> _Supplied material_:
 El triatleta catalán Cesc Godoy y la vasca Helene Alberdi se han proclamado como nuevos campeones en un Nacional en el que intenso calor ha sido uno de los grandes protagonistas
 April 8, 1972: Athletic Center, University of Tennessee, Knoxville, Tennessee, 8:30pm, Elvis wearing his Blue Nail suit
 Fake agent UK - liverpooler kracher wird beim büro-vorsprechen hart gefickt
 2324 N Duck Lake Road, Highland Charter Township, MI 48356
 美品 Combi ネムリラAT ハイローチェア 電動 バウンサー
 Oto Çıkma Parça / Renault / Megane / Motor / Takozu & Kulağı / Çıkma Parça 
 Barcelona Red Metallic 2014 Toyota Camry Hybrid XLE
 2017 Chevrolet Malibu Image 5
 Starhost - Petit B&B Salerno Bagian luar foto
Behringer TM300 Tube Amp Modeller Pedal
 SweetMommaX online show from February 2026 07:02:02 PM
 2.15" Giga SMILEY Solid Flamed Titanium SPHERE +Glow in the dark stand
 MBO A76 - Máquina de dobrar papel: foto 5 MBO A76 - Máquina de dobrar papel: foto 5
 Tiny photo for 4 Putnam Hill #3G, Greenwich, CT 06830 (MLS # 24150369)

> _Work required_:
Looking at the data above, return every line from the one with "Starhost - Petit" down to the one with "the dark stand", exactly and inclusively.

> _Exercise answer_:
 Starhost - Petit B&B Salerno Bagian luar foto
Behringer TM300 Tube Amp Modeller Pedal
 SweetMommaX online show from February 2026 07:02:02 PM
 2.15" Giga SMILEY Solid Flamed Titanium SPHERE +Glow in the dark stand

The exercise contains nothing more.